THE TASK:
Write out nothing but the lines from the one containing "Unisex Rock Em" through the last line below, both included, and without the pictures.

DATASET SECTION:
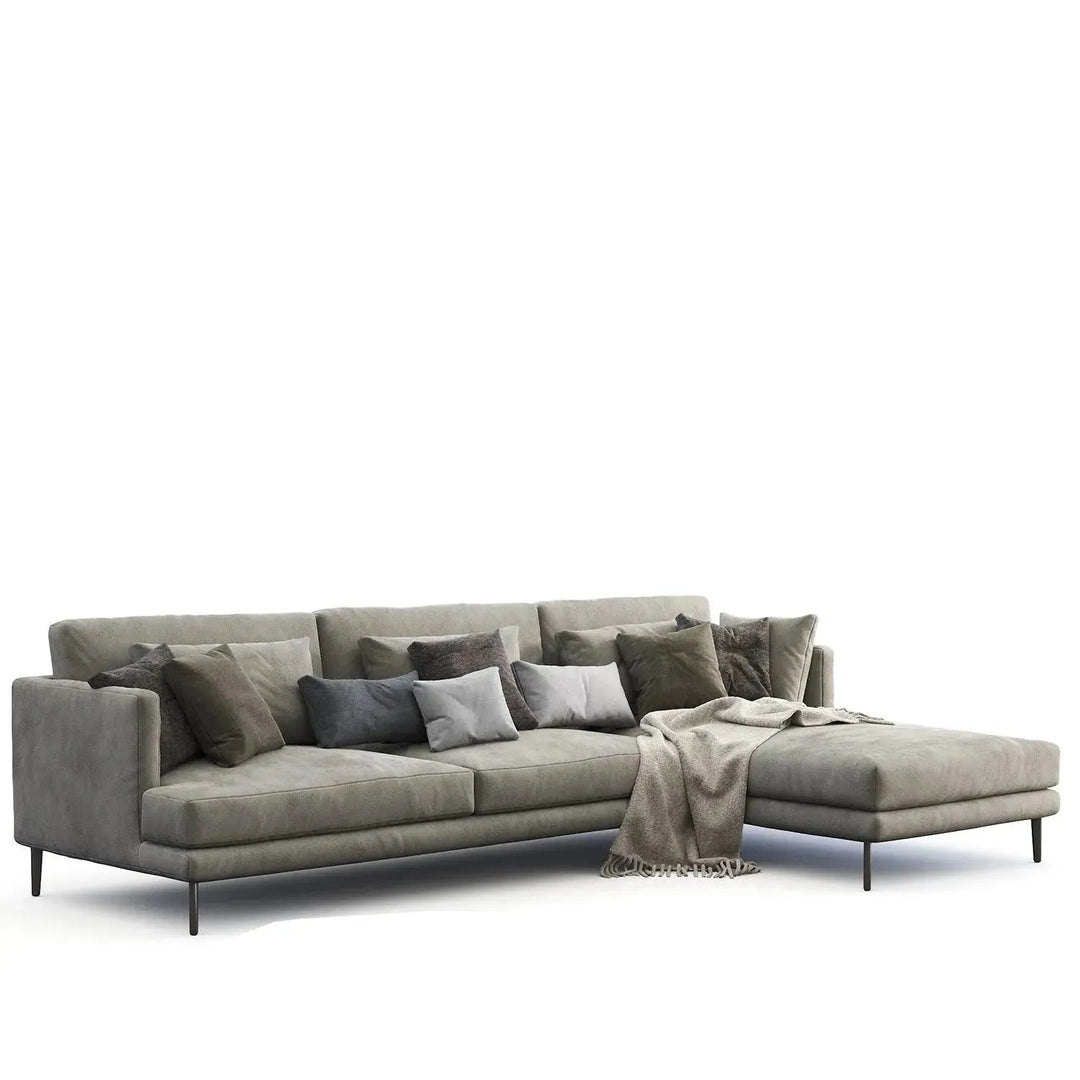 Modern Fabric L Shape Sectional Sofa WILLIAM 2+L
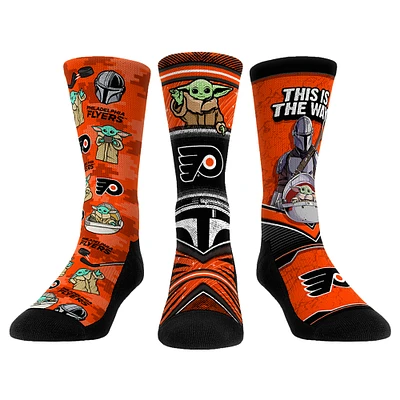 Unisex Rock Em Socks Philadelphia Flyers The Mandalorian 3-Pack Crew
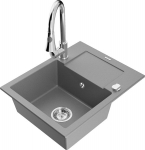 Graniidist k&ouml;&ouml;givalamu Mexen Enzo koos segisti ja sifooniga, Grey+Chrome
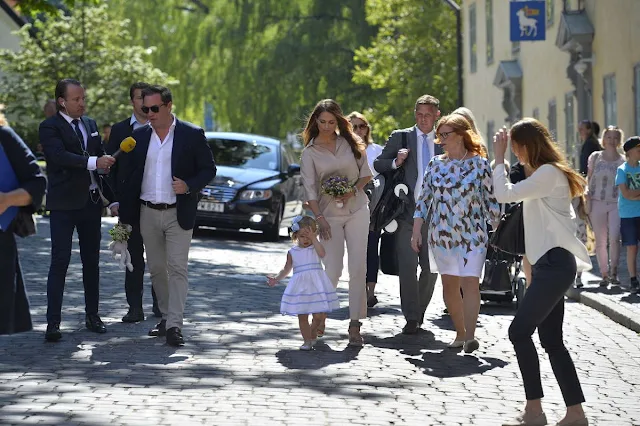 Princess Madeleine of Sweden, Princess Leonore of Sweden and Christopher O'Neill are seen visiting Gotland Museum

TASK ANSWER:
 Unisex Rock Em Socks Philadelphia Flyers The Mandalorian 3-Pack Crew
 Graniidist k&ouml;&ouml;givalamu Mexen Enzo koos segisti ja sifooniga, Grey+Chrome
 Princess Madeleine of Sweden, Princess Leonore of Sweden and Christopher O'Neill are seen visiting Gotland Museum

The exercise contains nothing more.